Well fed and freed of my responsibility to assist, I felt served by fortune during those few days at Pole.
Once or twice a day I would leave the shelter of the dome to take a walk. I’d long since adjusted to cold temperatures, and wind chill was infrequently a factor because the air at Pole is usually calm. This is not to make light of low temperatures in the interior of Antarctica, only to say that you become accustomed to them, to the numbness in your hands and the patches of frost nip on your face.

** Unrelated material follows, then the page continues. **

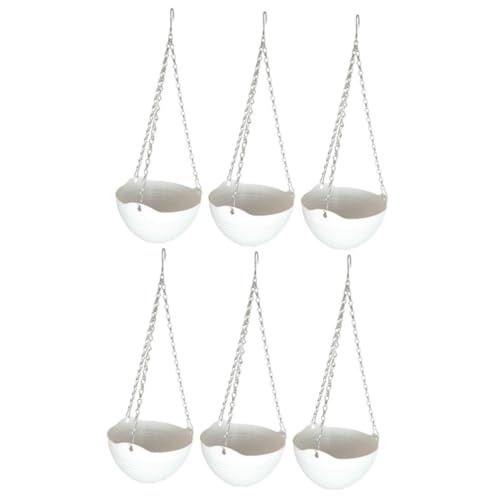 BESPORTBLE 6 Sätze Hängender Pflanzentopf Weiße Hängende Pflanzgefäße Kunststoffpflanzen Für Den Außenbereich Selbstbewässerung Rostfreier Stahl Hängender Korb Grüne Pflanzen von BESPORTBLE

The first night I spent on Newall Glacier with Paul, Cameron, and the others, I headed to my one-man tent to sleep. On my knees, I began to take off my outer clothing, stripping down to expedition-weight long underwear and my socks. As I maneuvered in that tight space, twisting out of my clothes, I began to doubt that I had either the tolerance or the stamina for twenty-seven days of this. It was −20° F, I was all gooseflesh, involuntarily hunching over in a ball to conserve heat as I crawled shivering into my sleeping bag.
The warning story for me about living with cold temperatures—and all this was taking place in the Antarctic summer—came in the week following those moments of frigid introduction. Cameron and I and the others were studying the uneven flow of Newall Glacier. (This was part of a two-year effort to determine where the less-stressed sections of ice were in the glacier, so we could locate a promising spot at which to drill, one that would produce the fewest stress fractures in the ice core.)
Cameron and I were perched on the flank of a sheet of exposed bedrock high above the glacier and employing a laser theodolite to pinpoint the exact location of a two-mile-long series of bamboo poles that had been set out the year before in a straight line at 90 degrees to the flow of the glacier. Our colleagues below were traveling from pole to pole by snow machine and holding up a reflector at each spot for the laser to find. Between sightings, the two of us retreated to the interior of a small tent we’d set up to shield us from thirty-knot winds. We “spooned” there, hugging each other for warmth. The temperature was about −25° F and the high winds were creating wind chills of close to −60° F. At one point while we were outside surveying, Cameron lost, for a split second, his grip on one of his mittens. A few moments later, lying together in the tent, he said, “In Antarctica, you make the big mistake only once.”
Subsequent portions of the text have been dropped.